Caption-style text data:

____________________

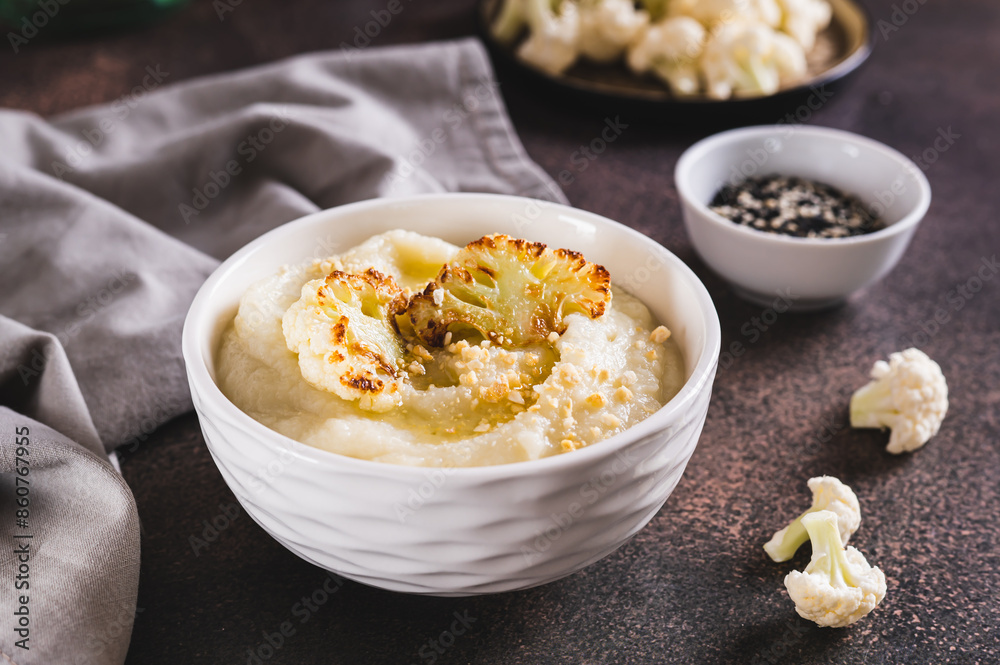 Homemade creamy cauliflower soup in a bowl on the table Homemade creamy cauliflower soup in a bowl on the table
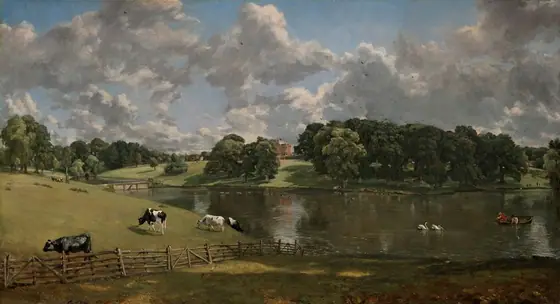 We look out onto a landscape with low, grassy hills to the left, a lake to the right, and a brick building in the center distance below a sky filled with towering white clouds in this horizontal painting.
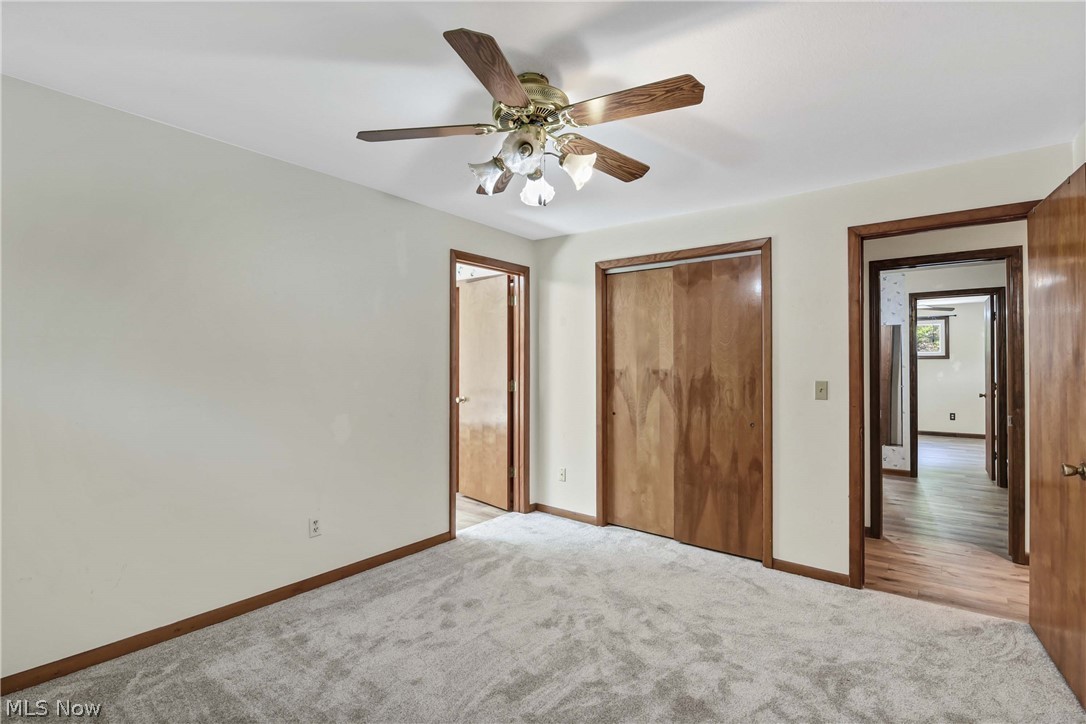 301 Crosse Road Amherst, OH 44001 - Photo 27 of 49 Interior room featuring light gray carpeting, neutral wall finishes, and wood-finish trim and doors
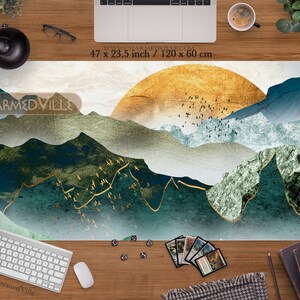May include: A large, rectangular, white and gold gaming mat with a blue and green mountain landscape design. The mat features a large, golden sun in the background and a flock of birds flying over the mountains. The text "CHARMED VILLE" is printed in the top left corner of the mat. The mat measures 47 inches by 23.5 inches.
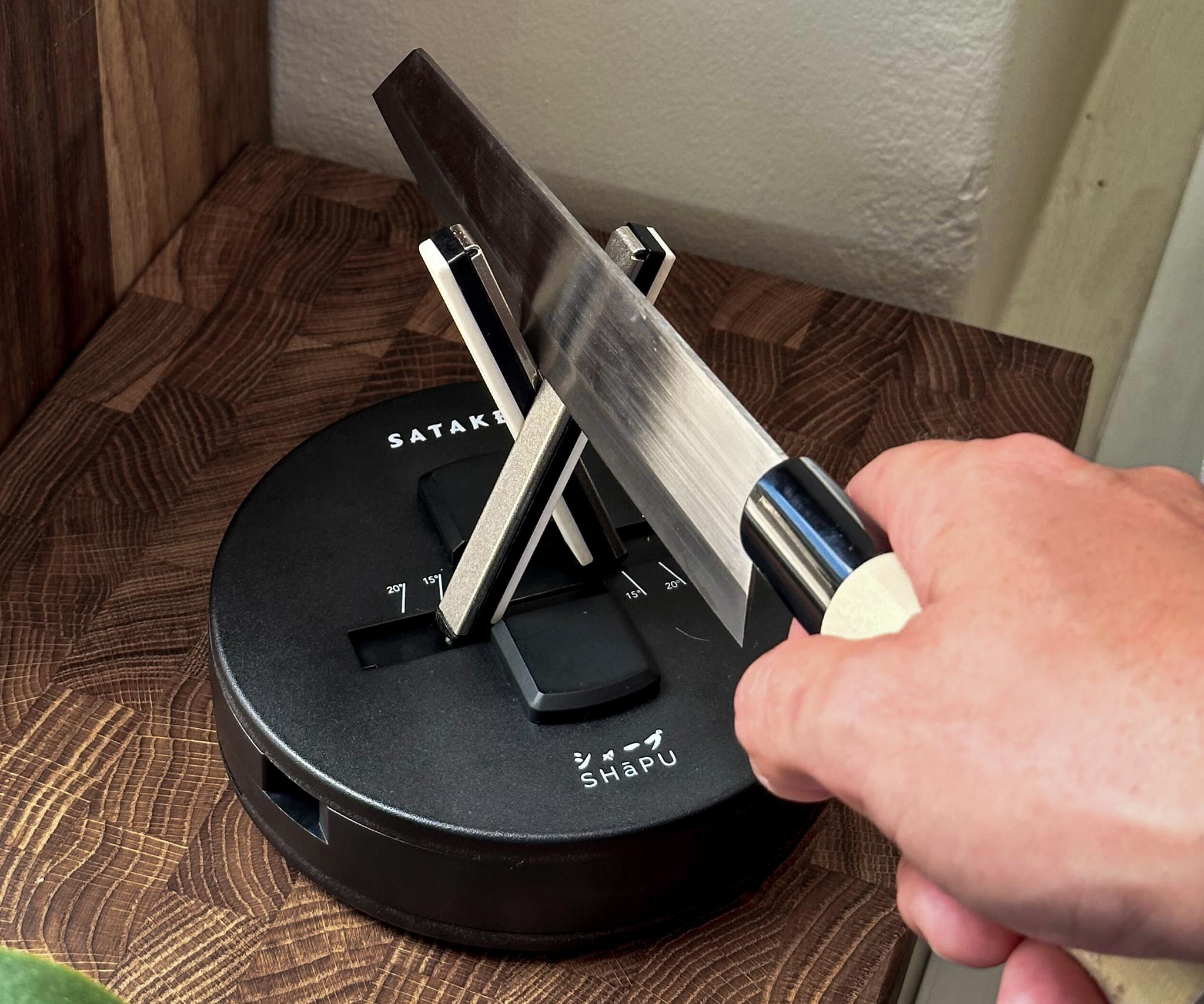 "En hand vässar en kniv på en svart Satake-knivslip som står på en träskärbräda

____________________

• **WHAT IS NEEDED**:
Your answer must be the lines from the opening line of the entries through the line holding "301 Crosse Road", written out exactly and without any picture.

• **REPLY TO THE TASK**:
 Homemade creamy cauliflower soup in a bowl on the table Homemade creamy cauliflower soup in a bowl on the table
 We look out onto a landscape with low, grassy hills to the left, a lake to the right, and a brick building in the center distance below a sky filled with towering white clouds in this horizontal painting.
 301 Crosse Road Amherst, OH 44001 - Photo 27 of 49 Interior room featuring light gray carpeting, neutral wall finishes, and wood-finish trim and doors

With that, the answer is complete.